What I’ve been reading

1. Andrew Mango, Ataturk: The Biography of the Founder of Modern Turkey.  A pleasurable read and full of information.  For me it was most useful as a foreign policy history of Turkey, more than a biography of Ataturk himself.  One implication is that Turkey won’t be making too many more concessions on the global stage, or for that matter with the Kurds.

2. Virginia Woolf, On Being Ill.  This is insanely good, and I can’t believe I had never read it before.  It’s super short, but a thrilling reading experience at every word.  It’s in the “jaw hits floor” category.

3. Thomas P. Hughes, Networks of Power: Electrification in Western Society, 1880-1930.  The best history of electrical infrastructure which I have found.  It is very good on explaining the difficulties in organizing an entire economy around electricity and why it took so long.  It is also fascinating on why the English lagged behind the Germans and Americans in the transition to electricity, in large part because of local interest group politics.  It sheds light on the “mystery” of British decline.  A long, nerdy book, with unintelligible Cooper Union-like diagrams, I loved it.  It’s one of mankind’s most stirring stories.
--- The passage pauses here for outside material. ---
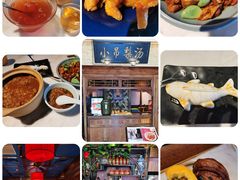 -小吊梨汤·北京菜·烤鸭(鸟巢店)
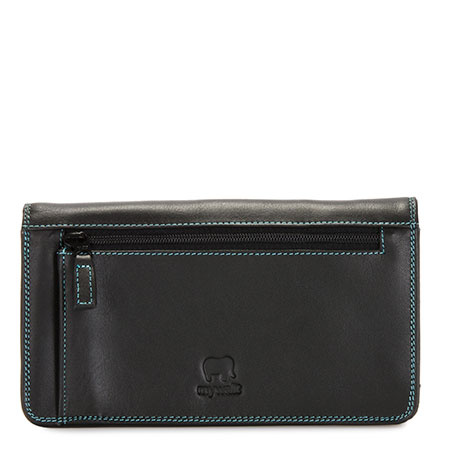 My Walit 237 Medium Matinee Purse/Wallet Black Pace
4. Owen Hatherley, A Guide to the New Ruins of Great Britain.  I didn’t enjoy this book, so I didn’t read much of it, but I thought it was splendid in conception.  It requires some working knowledge of British urban landscapes and I, for one, have never been to Sheffield.  It’s a smartly written conceptual survey of the empty buildings that have come to populate British cities and I am sorry that I wasn’t up to it.